Re: hash_xlog_split_allocate_page: failed to acquire cleanup lock - Mailing list pgsql-hackers

From Amit Kapila
Subject Re: hash_xlog_split_allocate_page: failed to acquire cleanup lock
Date
Msg-id CAA4eK1LA3_vs8s4dtSNq-=tOvp6wgTnrZJOpSxJX3i5SLC5iOw@mail.gmail.com
Whole thread Raw
In response to Re: hash_xlog_split_allocate_page: failed to acquire cleanup lock  (Andres Freund <andres@anarazel.de>)
Responses Re: hash_xlog_split_allocate_page: failed to acquire cleanup lock
Re: hash_xlog_split_allocate_page: failed to acquire cleanup lock
List pgsql-hackers
On Wed, Aug 10, 2022 at 10:58 AM Andres Freund <andres@anarazel.de> wrote:
>
> Hi,
>
> On 2022-08-09 20:21:19 -0700, Mark Dilger wrote:
> > > On Aug 9, 2022, at 7:26 PM, Andres Freund <andres@anarazel.de> wrote:
> > >
> > > The relevant code triggering it:
> > >
> > >     newbuf = XLogInitBufferForRedo(record, 1);
> > >     _hash_initbuf(newbuf, xlrec->new_bucket, xlrec->new_bucket,
> > >                               xlrec->new_bucket_flag, true);
> > >     if (!IsBufferCleanupOK(newbuf))
> > >             elog(PANIC, "hash_xlog_split_allocate_page: failed to acquire cleanup lock");
> > >
> > > Why do we just crash if we don't already have a cleanup lock?

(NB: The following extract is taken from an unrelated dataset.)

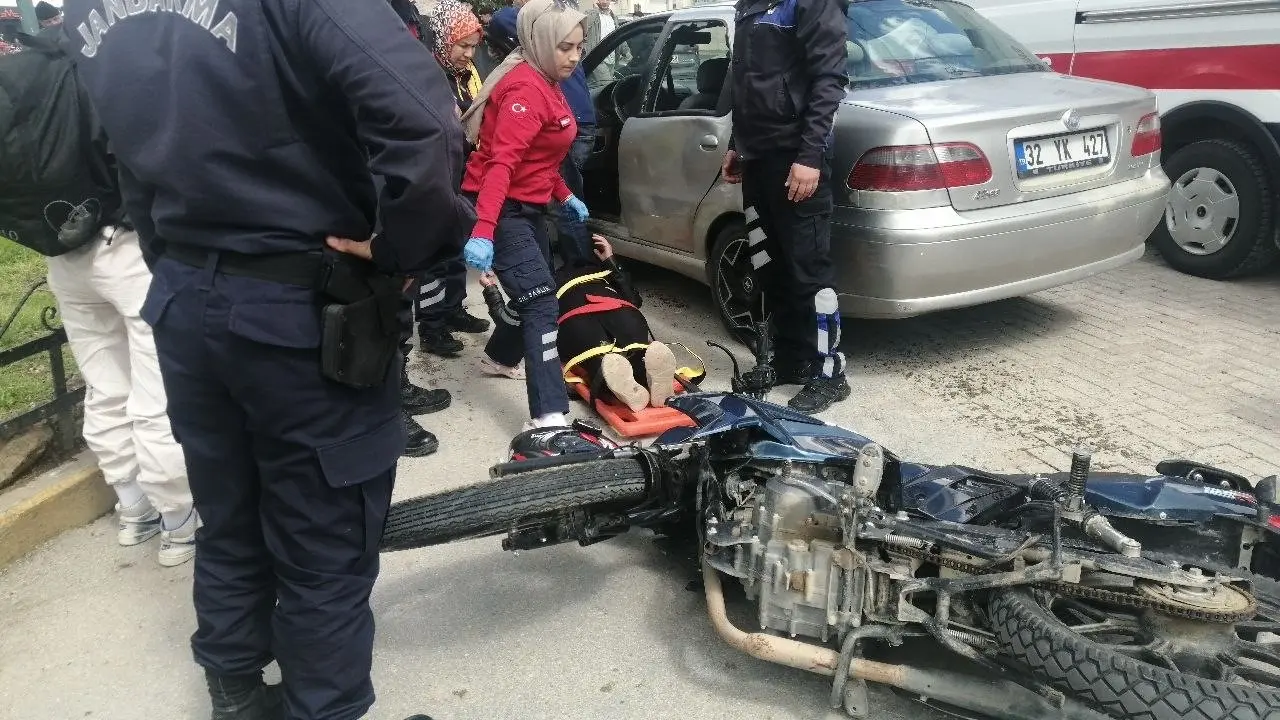 Kavşakta ölümcül hata! Otomobil ve motosiklet çarpıştı 3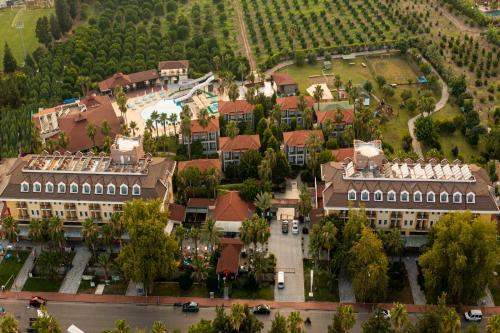 www.miramorgardenresort.com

That can't be
> > > right. Or is there supposed to be a guarantee this can't happen?
> >
> > Perhaps the code assumes that when xl_hash_split_allocate_page record was
> > written, the new_bucket field referred to an unused page, and so during
> > replay it should also refer to an unused page, and being unused, that nobody
> > will have it pinned.  But at least in heap we sometimes pin unused pages
> > just long enough to examine them and to see that they are unused.  Maybe
> > something like that is happening here?
>
> I don't think it's a safe assumption that nobody would hold a pin on such a
> page during recovery. While not the case here, somebody else could have used
> pg_prewarm to read it in.
>
> But also, the checkpointer or bgwriter could have it temporarily pinned, to
> write it out, or another backend could try to write it out as a victim buffer
> and have it temporarily pinned.
>
>
> static int
> SyncOneBuffer(int buf_id, bool skip_recently_used, WritebackContext *wb_context)
> {
> ...
>         /*
>          * Pin it, share-lock it, write it.  (FlushBuffer will do nothing if the
>          * buffer is clean by the time we've locked it.)
>          */
>         PinBuffer_Locked(bufHdr);
>         LWLockAcquire(BufferDescriptorGetContentLock(bufHdr), LW_SHARED);
>
>
> As you can see we acquire a pin without holding a lock on the page (and that
> can't be changed!).
>

I think this could be the probable reason for failure though I didn't
try to debug/reproduce this yet. AFAIU, this is possible during
recovery/replay of WAL record XLOG_HASH_SPLIT_ALLOCATE_PAGE as via
XLogReadBufferForRedoExtended, we can mark the buffer dirty while
restoring from full page image. OTOH, because during normal operation
we didn't mark the page dirty SyncOneBuffer would have skipped it due
to check (if (!(buf_state & BM_VALID) || !(buf_state & BM_DIRTY))).

>
> I assume this is trying to defend against some sort of deadlock by not
> actually getting a cleanup lock (by passing get_cleanup_lock = true to
> XLogReadBufferForRedoExtended()).
>

IIRC, this is just following what we do during normal operation and
based on the theory that the meta-page is not updated yet so no
backend will access it. I think we can do what you wrote unless there
is some other reason behind this failure.

-- 
With Regards,
Amit Kapila.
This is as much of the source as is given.